Exercise prompt: Note the line containing "[우루과이 vs 잉글랜드]수아레스 2골 작렬…‘맨 오브 더 매치’ 선정"; from it through the last line below, give only those lines again, exactly, both ends included, skipping pictures.

[[ Information supplied, beginning ]]

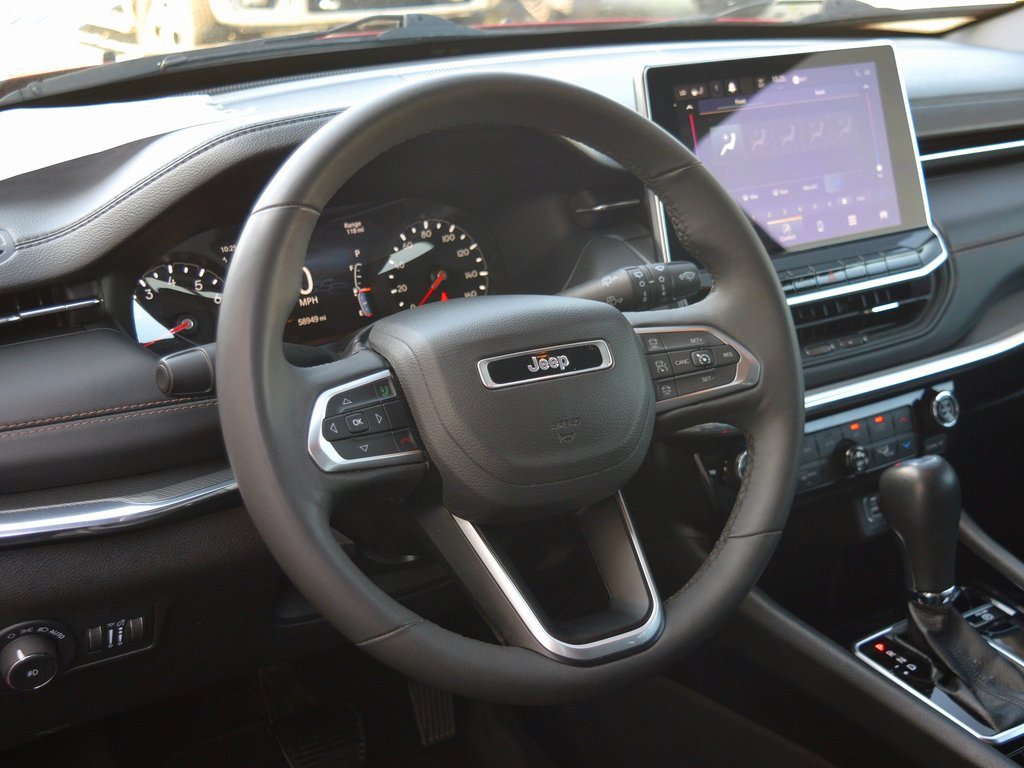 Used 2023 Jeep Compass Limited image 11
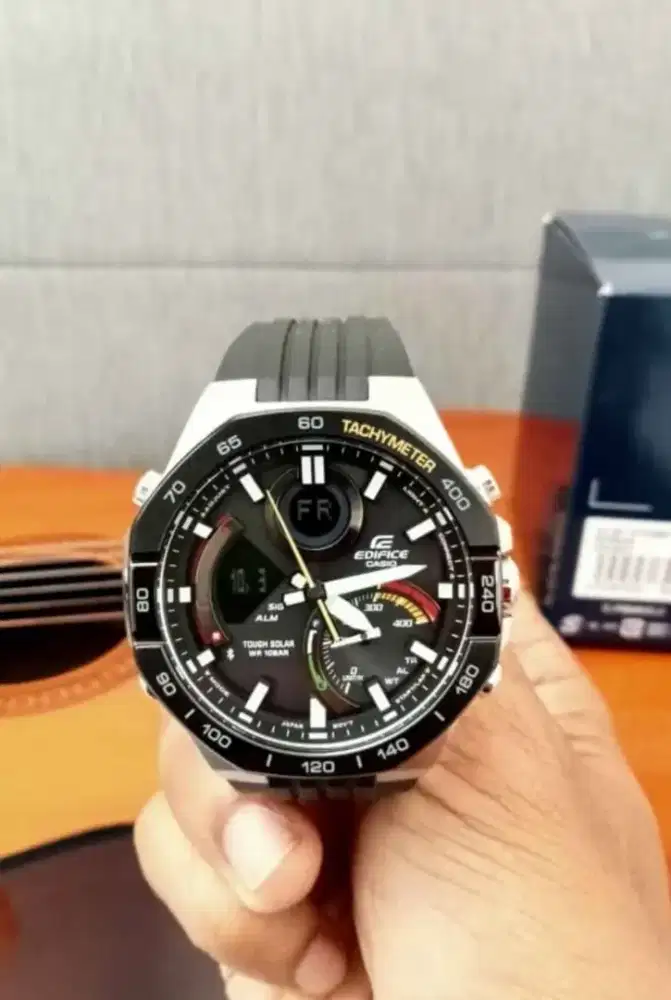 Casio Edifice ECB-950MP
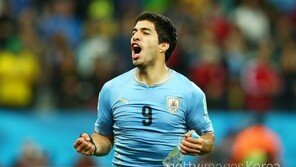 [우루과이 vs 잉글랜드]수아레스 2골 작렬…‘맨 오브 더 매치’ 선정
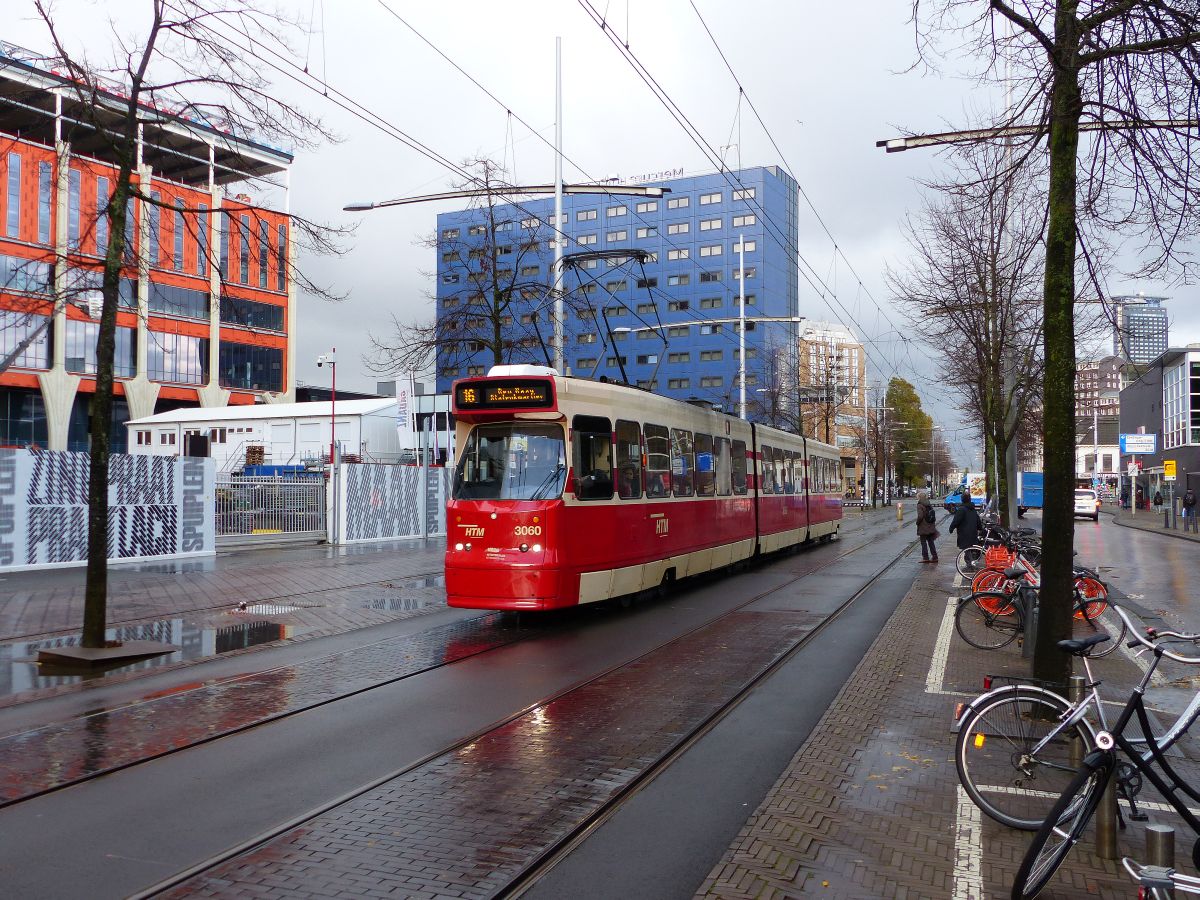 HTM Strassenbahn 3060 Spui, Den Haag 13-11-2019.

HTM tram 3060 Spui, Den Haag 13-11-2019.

[[ Information supplied, end ]]

Expected answer:
 [우루과이 vs 잉글랜드]수아레스 2골 작렬…‘맨 오브 더 매치’ 선정
 HTM Strassenbahn 3060 Spui, Den Haag 13-11-2019.

HTM tram 3060 Spui, Den Haag 13-11-2019.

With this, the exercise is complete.